Vermont is in federal court defending state regulations that clamp down on CO2 pollution from vehicles. So the state argued on Wednesday that the Supreme Court ruling essentially gave it a slam dunk.
Lawyers representing Vermont’s side said the EPA has allowed states to enact their own air pollution rules so long as they follow California’s lead. Vermont is doing that, they said, and its efforts to regulate CO2 have now been sanctioned, in essence, by the Supreme Court.
But Judge William Sessions said basically, not so fast.
Sessions agreed with the auto industry that a fundamental issue of federal pre-emption remains. And he wants to go to trial to explore that issue.
The pre-emption theory goes like this: A federal law that allows the Transportation Administration to regulate fuel economy pre-empts any state effort to control fuel economy. The industry says the state’s attempt to regulate CO2 is similar to controlling fuel economy. So it says states are blocked – pre-empted by this federal law.
Judge Sessions addressed the issue in court. He said the Supreme Court decision had language that both sides can use.
But, the judge also said this “As to the ultimate question of whether the California regulations are preempted That is not addressed.”
So he said a trial is needed.
(Sounds of the street)
(Dillon) Outside the court room, auto industry lawyer Andrew Clubok said his side is ready for its day in court.
(Clubok) “And we’re going to show that the regulation causes economic hardship. It’s going to eliminate consumer choice for folks here in Vermont and elsewhere want to purchase. It’s going to increase motor vehicle accidents and it’s going to actually lead to more pollution. And those are the facts that we are going to present at trial. And we’re happy the court is giving us the opportunity to present those facts.”
(Dillon) The state and the environmental groups who are helping with the case say they expect to hear some familiar arguments from the car industry next week.
(Hinchman) “The auto makers have a tragic history of crying wolf.”
(Dillon) Steve Hinchman is an attorney with the Conservation Law Foundation. He says the industry always complains that regulations are unaffordable, and unworkable.

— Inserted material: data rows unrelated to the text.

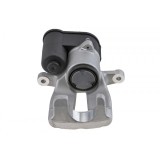 Etrier frana spate Vw Passat B6 05.2007-, B7 2010-, Cc B6 2008-, Cc B7 2011-, Stanga, Eletryczny, pt Disc 310x22mm, 3C0615403C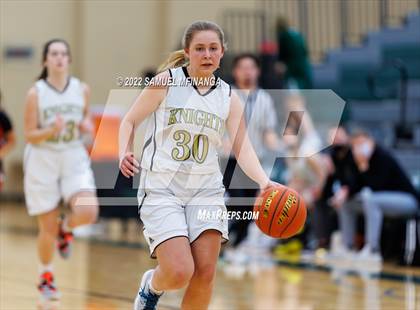 Thumbnail 3 in Lincoln Southeast vs Lincoln High photogallery.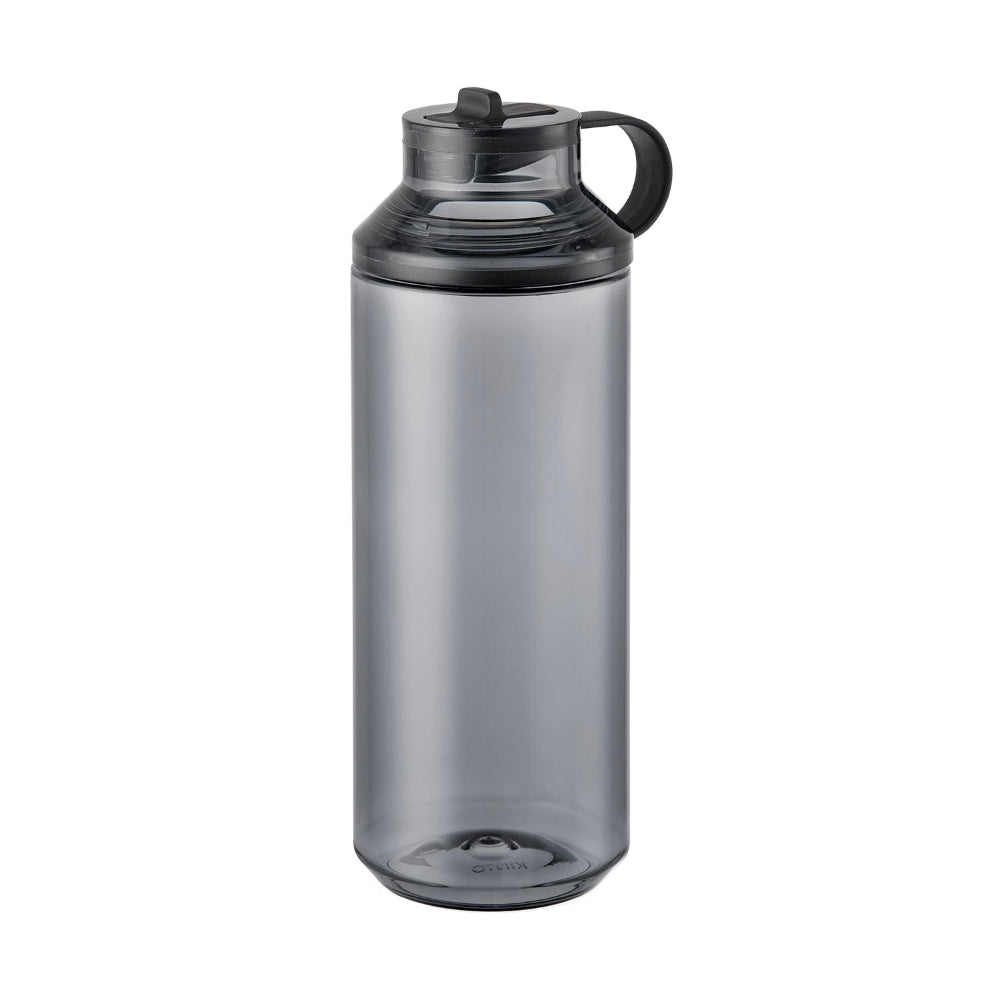  KINTO ACTIVE BOTTLE (950ML/32OZ)  SMOKE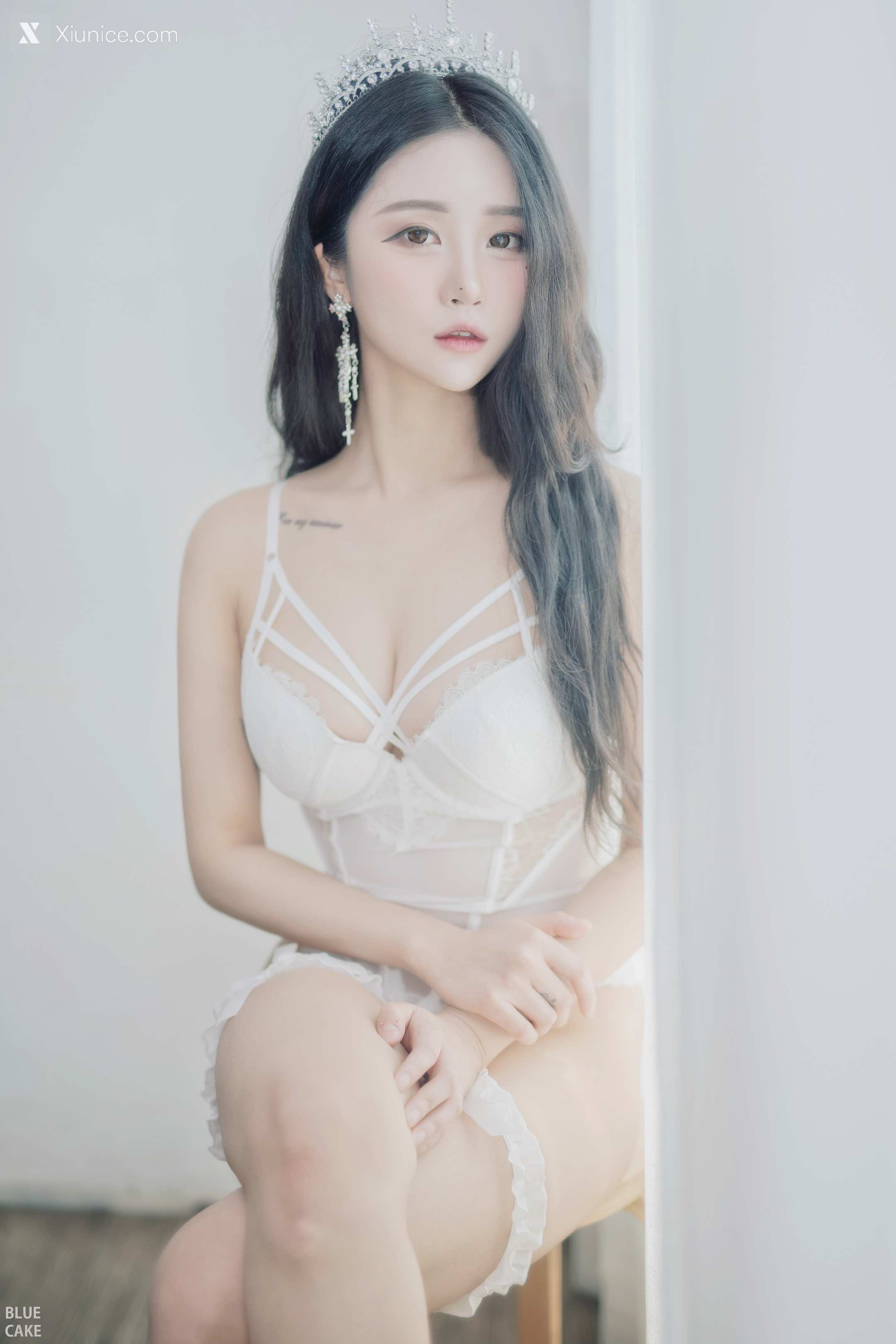 BLUECAKE Bomi (보미) – Happy Bomiday 第5张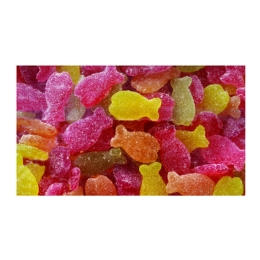 Redband | Tropical Fish | 6 x 1 kg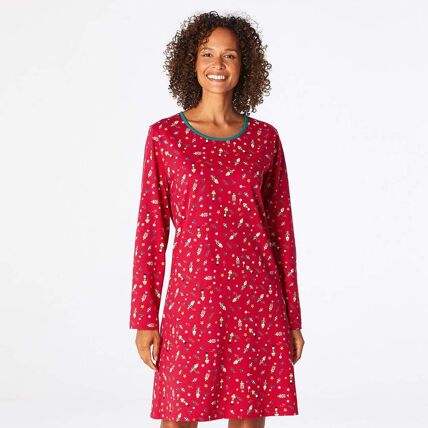 2 maxi t-shirts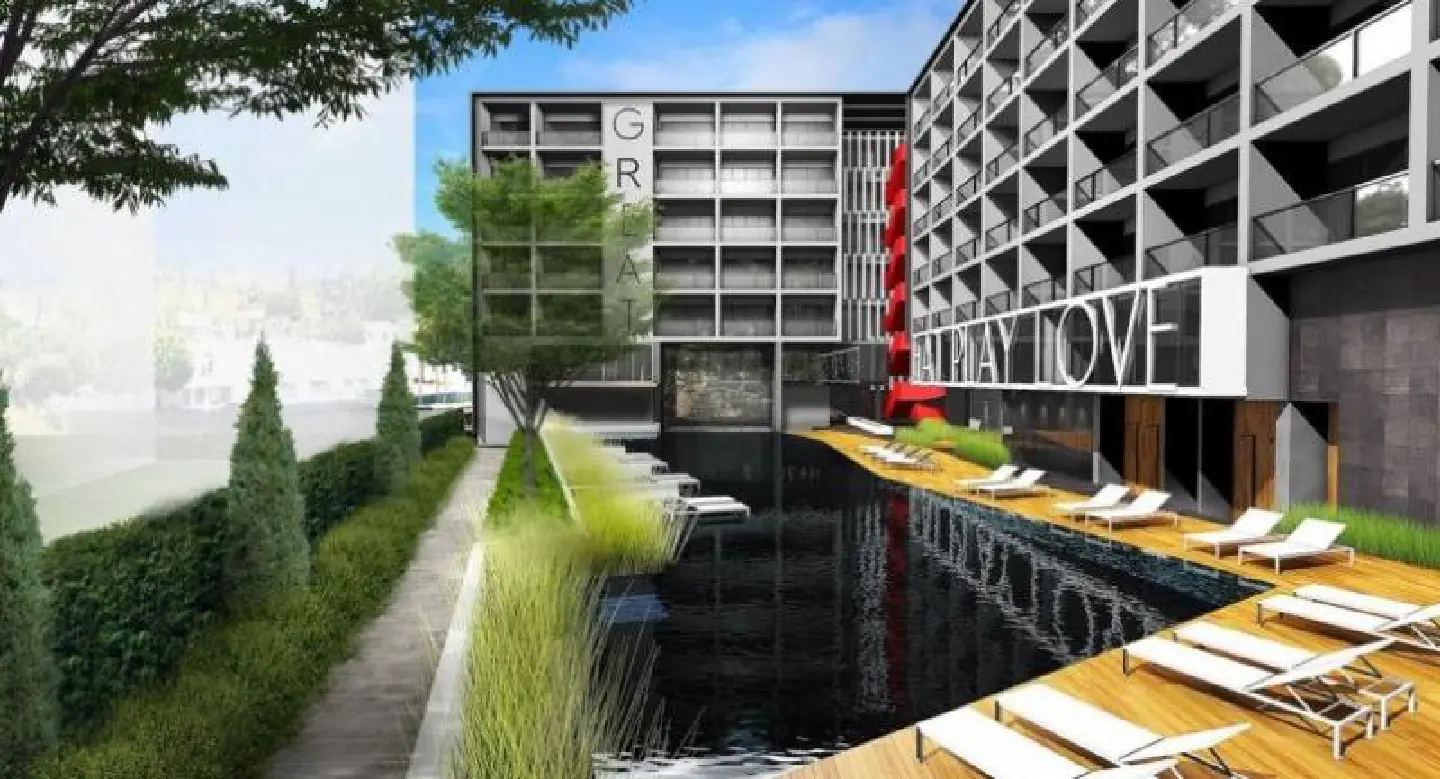 Best Western expands Pattaya properties Best Western expands Pattaya properties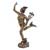 Mercury Statue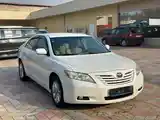 Toyota Camry, 2008-2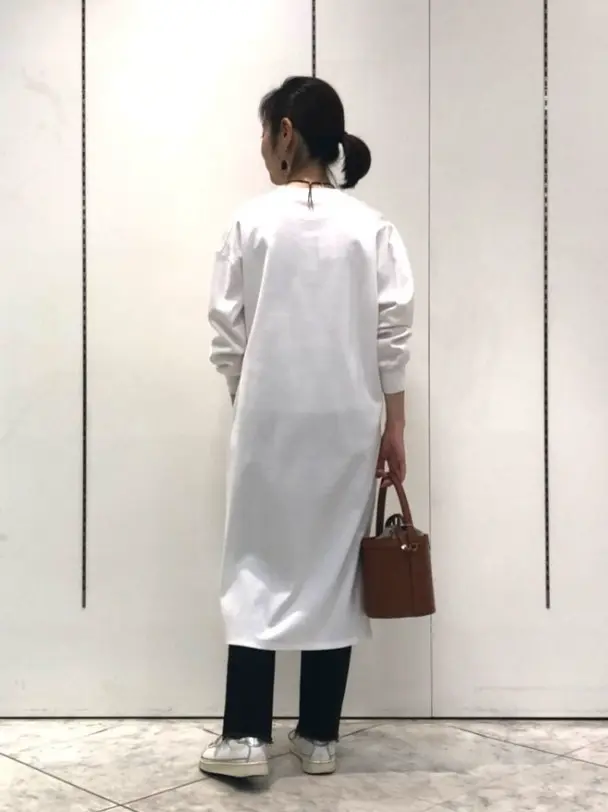 23区 S 岩下 コーディネート画像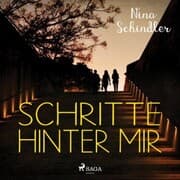 Cover von Schritte hinter mir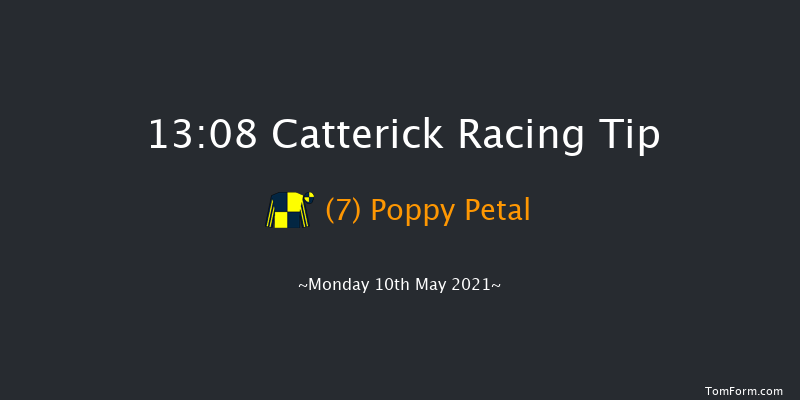 EBF Maiden Stakes (GBB Race) Catterick 13:08 Maiden (Class 5) 5f Wed 21st Apr 2021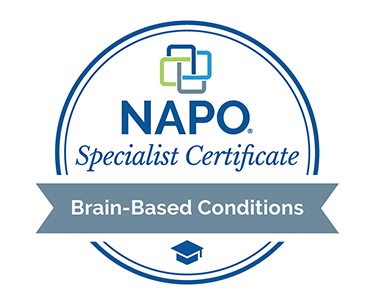 NAPO Brain-Based Conditions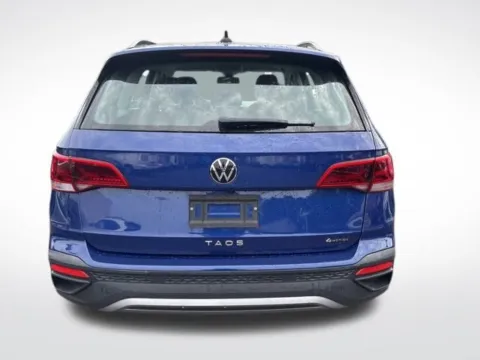 More photos of 2022 Volkswagen Taos 1.5T S at Zeigler BMW of Kalamazoo, MI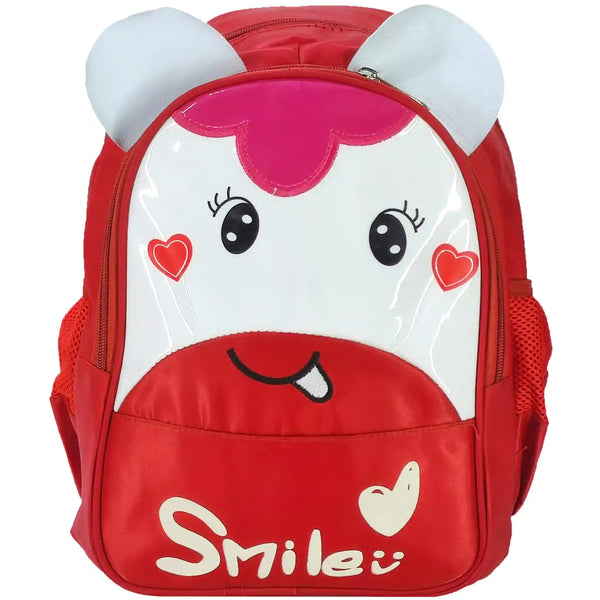 Smile Kids School Bag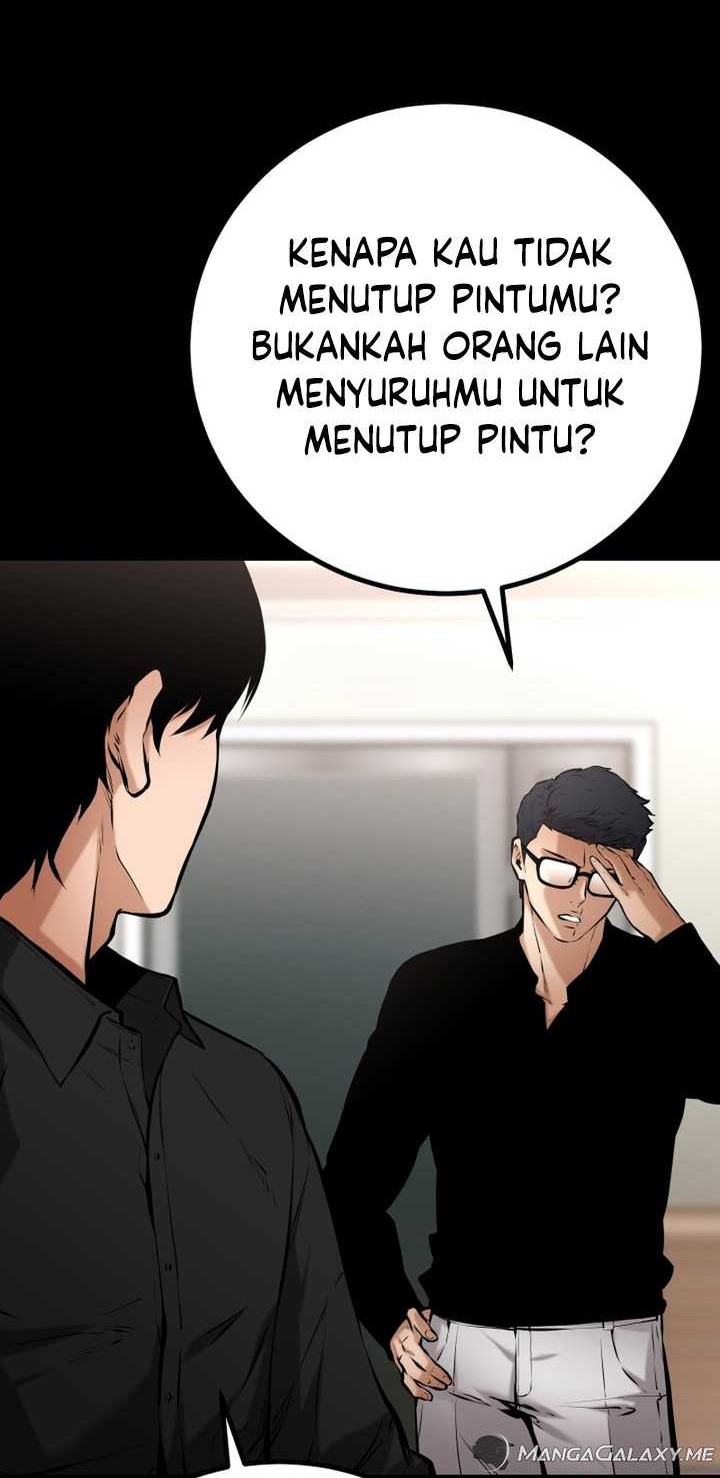 Blade of Retribution Chapter 15 Gambar 19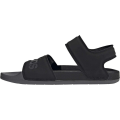 Pikkukuva 3 / 8: Sandaalit Adidas Adilette Sandal Mustat 48 2/3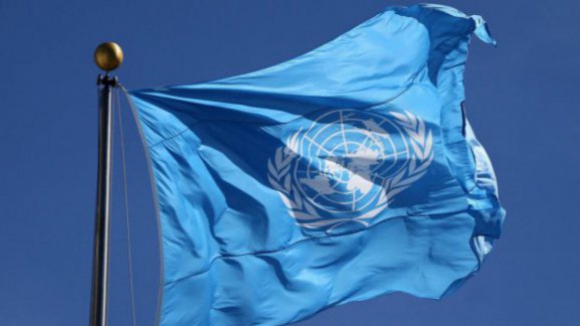 Ucrânia, Sudão e Haiti entre desafios da ONU para 2024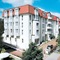 Vitalotel Roonhof - map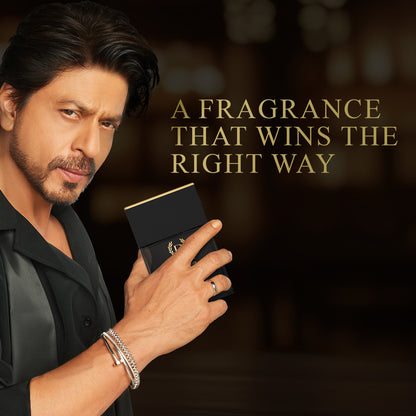 Rider Perfume 60ml SRK
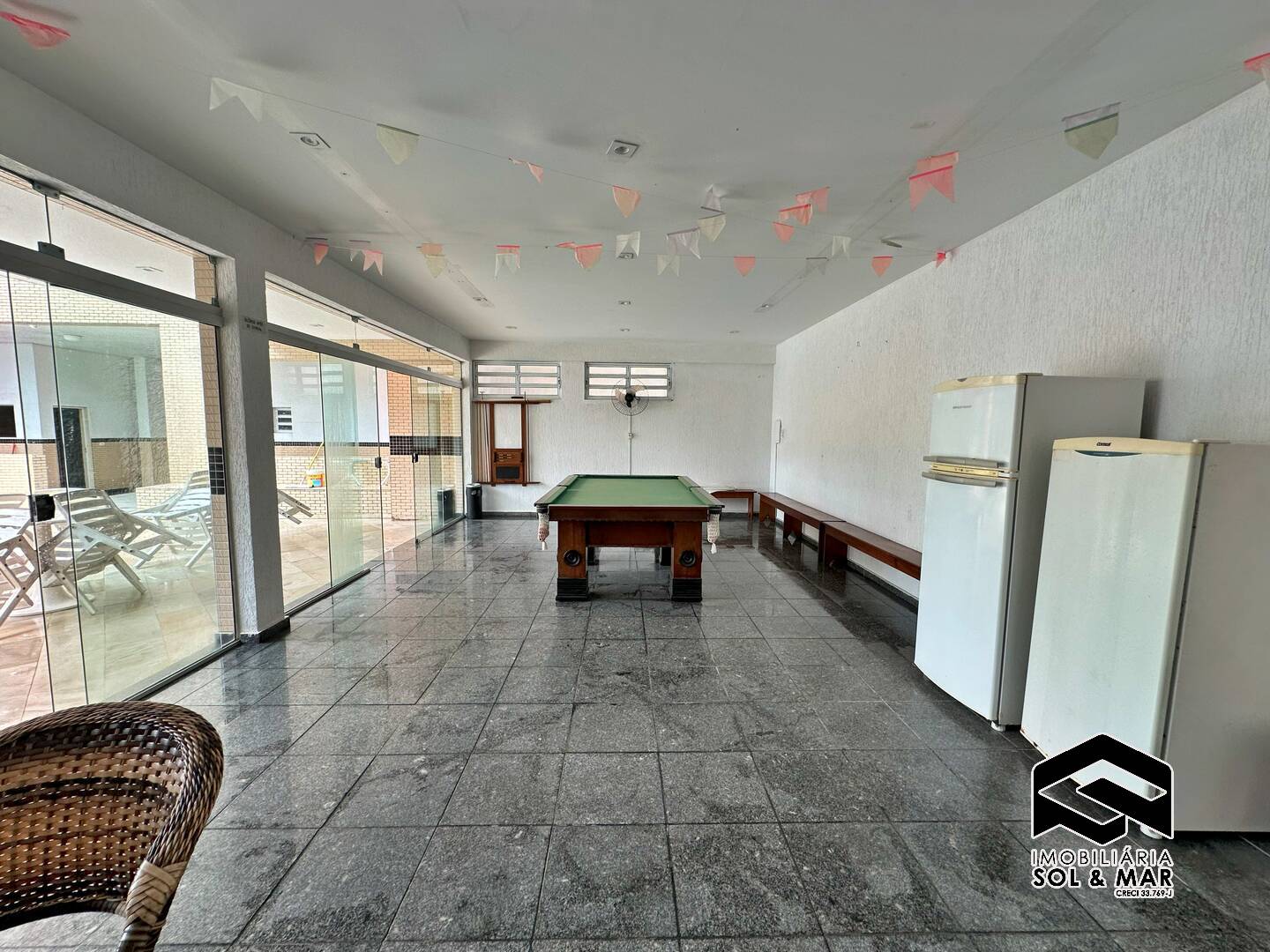Apartamento, 3 quartos, 140 m² - Foto 51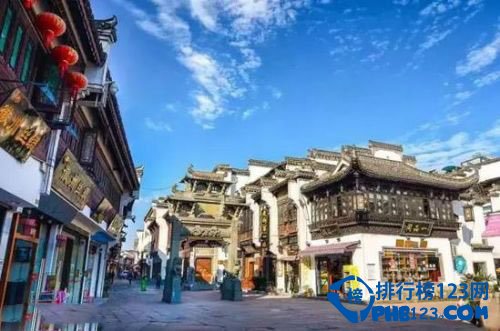 国内10处免费的旅游胜地排行榜插图5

(Hinchman) “Whether it was seatbelts, catalytic converters, or airbags they’ve said the same thing every time. As a matter fact, on catalytic converters they went to Congress and said, if you force us to do this not only we will go bankrupt, we will drag the whole national economy down with us.’ Of course we all know catalytic converters were cheap, affordable, a great idea, made huge improvements to air quality, didn’t hurt the consumer, they actually improved fuel efficiency.”
(Dillon) Vermont is not alone is requiring the industry to control CO2. Nine other states have adopted California’s clean car rules. The industry has sued in several states to block those rules, but the Vermont case is the first to go to trial.
The trial starts next week.
For VPR News, I’m John Dillon in Burlington.